● **WHAT THE EXERCISE ASKS**
Could you copy the records below exactly, keeping none of the images?

Short text fragments from websites:
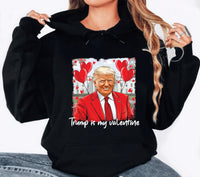 a woman wearing a black trump is my valentine hoodie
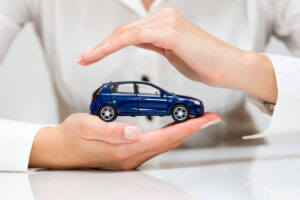 A woman safely holds a car toy in between her hands.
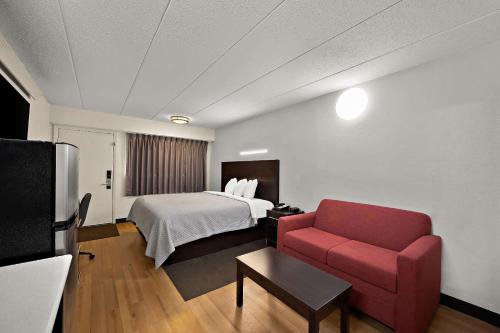 a hotel room with a bed and a red couch at Suburban Studios Peoria in Peoria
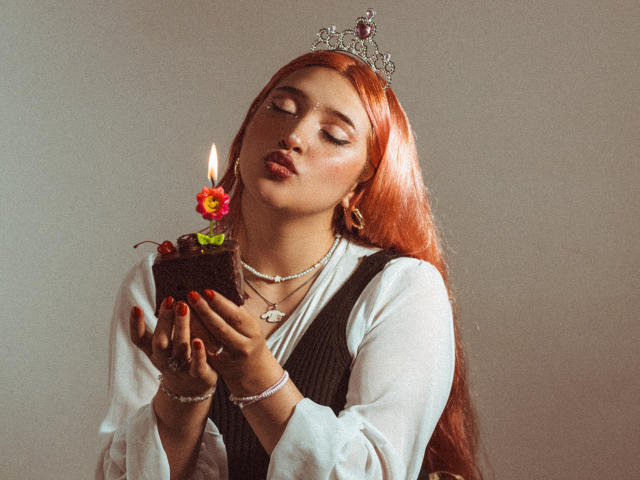 IsabellaClown with red hair, wearing a silver tiara, holding a candlelit chocolate cake with a flower, eyes closed, lipstick on, red nails, white shirt, black vest, necklace.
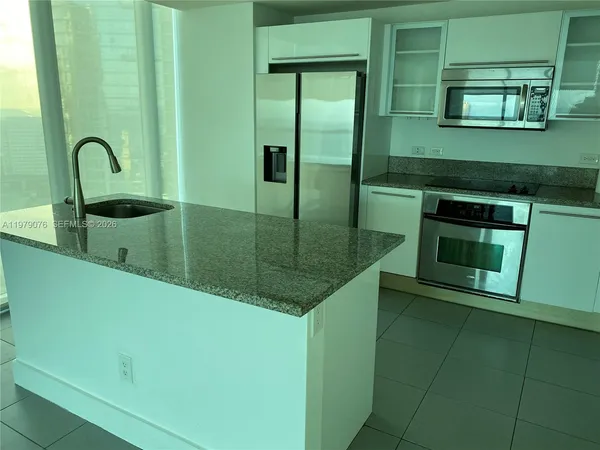 a view of a kitchen from a hallway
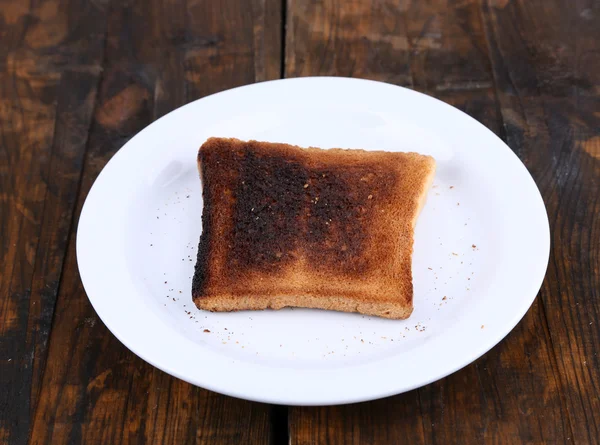 Burnt toast bread on plate, on wooden table background — Stock Photo, Image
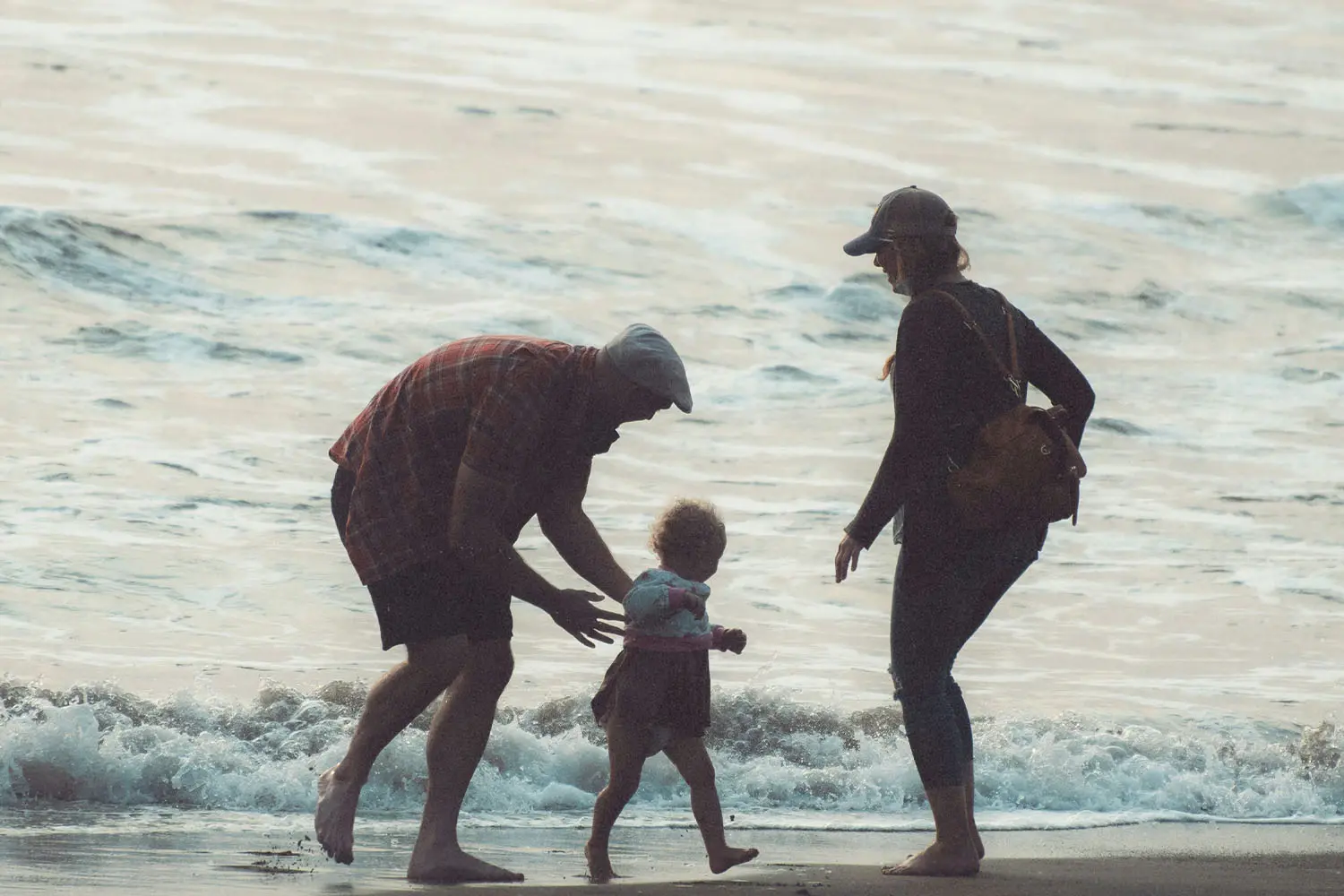 Grandparents playing with grandchild at the beach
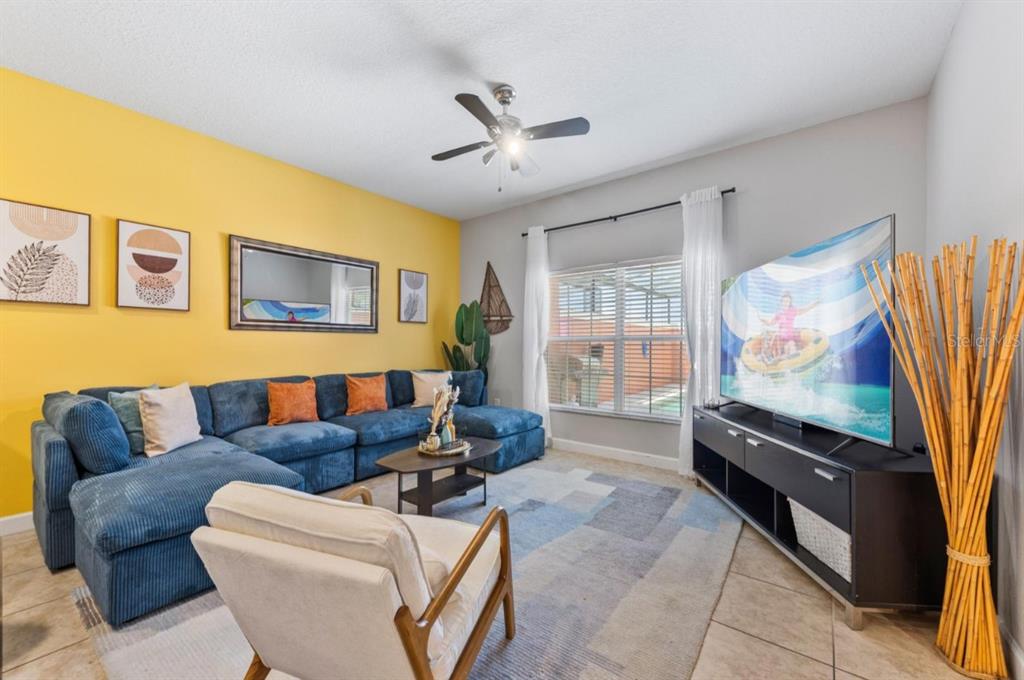 A living room features a blue sectional sofa, a yellow accent wall, and a television — 8847 CANDY PALM ROAD, KISSIMMEE, FL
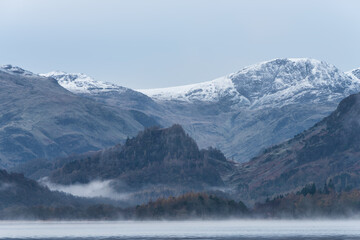 Wall Mural - Absolutely stunning dramatic atmospheric landscape image of Derwentwater during foggy sunrise in Autumn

● **RESPONSE TO THIS TASK**
 a woman wearing a black trump is my valentine hoodie
 A woman safely holds a car toy in between her hands.
 a hotel room with a bed and a red couch at Suburban Studios Peoria in Peoria
 IsabellaClown with red hair, wearing a silver tiara, holding a candlelit chocolate cake with a flower, eyes closed, lipstick on, red nails, white shirt, black vest, necklace.
 a view of a kitchen from a hallway
 Burnt toast bread on plate, on wooden table background — Stock Photo, Image
 Grandparents playing with grandchild at the beach
 A living room features a blue sectional sofa, a yellow accent wall, and a television — 8847 CANDY PALM ROAD, KISSIMMEE, FL
 Wall Mural - Absolutely stunning dramatic atmospheric landscape image of Derwentwater during foggy sunrise in Autumn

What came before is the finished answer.